> Extracted records

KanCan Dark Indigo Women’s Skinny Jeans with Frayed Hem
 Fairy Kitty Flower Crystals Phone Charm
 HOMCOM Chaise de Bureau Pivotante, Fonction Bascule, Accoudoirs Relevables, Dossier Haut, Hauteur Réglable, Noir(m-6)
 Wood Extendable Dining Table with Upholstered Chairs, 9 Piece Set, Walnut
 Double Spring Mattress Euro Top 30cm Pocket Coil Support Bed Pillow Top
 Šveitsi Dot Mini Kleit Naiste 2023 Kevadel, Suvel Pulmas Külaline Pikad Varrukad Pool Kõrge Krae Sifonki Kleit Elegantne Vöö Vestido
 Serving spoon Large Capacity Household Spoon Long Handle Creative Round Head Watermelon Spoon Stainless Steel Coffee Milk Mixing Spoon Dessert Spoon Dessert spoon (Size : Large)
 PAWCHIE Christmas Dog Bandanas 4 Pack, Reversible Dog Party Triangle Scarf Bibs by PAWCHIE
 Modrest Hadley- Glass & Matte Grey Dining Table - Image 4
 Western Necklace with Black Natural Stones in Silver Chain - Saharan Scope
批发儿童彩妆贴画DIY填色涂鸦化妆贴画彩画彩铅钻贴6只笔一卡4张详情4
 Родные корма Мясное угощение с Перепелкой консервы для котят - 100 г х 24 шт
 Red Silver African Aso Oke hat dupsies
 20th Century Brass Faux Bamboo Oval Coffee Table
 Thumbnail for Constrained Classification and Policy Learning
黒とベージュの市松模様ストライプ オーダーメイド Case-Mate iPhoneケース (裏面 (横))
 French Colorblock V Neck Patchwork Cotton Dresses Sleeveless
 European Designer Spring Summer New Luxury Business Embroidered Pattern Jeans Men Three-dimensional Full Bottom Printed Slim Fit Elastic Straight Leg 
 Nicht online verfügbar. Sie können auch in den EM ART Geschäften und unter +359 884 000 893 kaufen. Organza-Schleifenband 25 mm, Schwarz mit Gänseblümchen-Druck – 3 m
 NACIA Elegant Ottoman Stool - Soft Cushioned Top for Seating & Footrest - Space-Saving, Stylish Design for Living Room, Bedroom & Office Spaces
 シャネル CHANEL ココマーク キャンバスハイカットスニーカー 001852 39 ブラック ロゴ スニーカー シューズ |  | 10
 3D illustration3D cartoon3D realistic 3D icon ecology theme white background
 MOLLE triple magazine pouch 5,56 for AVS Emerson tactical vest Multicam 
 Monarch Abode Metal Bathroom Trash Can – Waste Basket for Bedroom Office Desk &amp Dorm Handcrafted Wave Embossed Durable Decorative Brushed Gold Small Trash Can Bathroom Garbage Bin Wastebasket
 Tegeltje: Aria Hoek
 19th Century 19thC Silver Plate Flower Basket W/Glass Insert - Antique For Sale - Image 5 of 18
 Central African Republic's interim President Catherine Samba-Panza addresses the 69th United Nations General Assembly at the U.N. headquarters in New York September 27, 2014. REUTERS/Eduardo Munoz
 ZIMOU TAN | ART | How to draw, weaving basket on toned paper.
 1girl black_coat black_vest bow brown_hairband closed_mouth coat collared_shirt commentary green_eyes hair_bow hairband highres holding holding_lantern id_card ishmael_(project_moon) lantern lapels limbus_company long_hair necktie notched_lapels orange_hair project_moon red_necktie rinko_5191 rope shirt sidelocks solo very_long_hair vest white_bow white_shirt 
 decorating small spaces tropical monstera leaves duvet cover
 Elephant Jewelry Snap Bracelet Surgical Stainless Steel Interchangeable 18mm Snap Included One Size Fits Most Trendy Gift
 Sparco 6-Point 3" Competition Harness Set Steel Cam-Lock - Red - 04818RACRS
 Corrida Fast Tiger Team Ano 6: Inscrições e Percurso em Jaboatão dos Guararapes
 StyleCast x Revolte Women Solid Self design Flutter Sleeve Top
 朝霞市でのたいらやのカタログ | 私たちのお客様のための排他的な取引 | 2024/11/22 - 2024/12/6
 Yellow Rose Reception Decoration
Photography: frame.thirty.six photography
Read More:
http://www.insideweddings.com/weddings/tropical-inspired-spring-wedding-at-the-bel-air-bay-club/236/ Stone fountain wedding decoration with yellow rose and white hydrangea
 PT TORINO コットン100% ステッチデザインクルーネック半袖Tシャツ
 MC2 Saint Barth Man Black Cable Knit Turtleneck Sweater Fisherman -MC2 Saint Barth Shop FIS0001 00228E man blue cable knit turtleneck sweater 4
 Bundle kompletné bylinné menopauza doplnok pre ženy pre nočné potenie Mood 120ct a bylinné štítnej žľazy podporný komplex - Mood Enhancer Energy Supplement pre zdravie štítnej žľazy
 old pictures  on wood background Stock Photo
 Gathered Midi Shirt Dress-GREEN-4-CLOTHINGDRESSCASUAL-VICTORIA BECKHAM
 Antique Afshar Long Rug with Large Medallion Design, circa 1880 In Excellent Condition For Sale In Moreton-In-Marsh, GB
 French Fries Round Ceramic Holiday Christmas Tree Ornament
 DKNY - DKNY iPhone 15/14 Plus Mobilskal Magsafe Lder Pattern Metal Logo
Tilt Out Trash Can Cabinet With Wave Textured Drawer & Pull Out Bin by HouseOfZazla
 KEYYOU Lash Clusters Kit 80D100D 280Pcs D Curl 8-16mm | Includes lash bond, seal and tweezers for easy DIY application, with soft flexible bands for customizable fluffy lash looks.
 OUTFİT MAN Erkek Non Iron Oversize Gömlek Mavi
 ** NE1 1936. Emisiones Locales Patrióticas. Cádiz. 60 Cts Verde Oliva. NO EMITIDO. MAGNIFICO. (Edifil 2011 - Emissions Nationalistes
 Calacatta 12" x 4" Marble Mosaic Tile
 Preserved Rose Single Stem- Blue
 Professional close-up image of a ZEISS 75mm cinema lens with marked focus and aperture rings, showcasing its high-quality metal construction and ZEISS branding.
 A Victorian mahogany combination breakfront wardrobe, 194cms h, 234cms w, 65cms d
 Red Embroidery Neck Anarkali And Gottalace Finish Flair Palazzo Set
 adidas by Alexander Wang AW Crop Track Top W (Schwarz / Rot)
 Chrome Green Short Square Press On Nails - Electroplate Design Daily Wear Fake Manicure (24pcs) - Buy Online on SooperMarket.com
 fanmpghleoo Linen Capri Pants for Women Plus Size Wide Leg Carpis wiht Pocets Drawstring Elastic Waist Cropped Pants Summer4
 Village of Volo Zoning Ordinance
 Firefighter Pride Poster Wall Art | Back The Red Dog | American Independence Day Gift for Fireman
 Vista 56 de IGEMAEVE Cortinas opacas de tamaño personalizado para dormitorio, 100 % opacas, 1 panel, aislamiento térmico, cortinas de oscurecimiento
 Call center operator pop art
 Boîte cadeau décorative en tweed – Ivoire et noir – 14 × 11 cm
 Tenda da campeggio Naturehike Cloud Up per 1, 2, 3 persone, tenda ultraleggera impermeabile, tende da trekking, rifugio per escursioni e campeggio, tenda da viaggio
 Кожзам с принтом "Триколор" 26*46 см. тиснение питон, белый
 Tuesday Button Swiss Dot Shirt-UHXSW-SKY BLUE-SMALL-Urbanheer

> Work instruction
Find the word "Table" in the entries, then copy out every line that has it.

> Answer area
 Wood Extendable Dining Table with Upholstered Chairs, 9 Piece Set, Walnut
 Modrest Hadley- Glass & Matte Grey Dining Table - Image 4
 20th Century Brass Faux Bamboo Oval Coffee Table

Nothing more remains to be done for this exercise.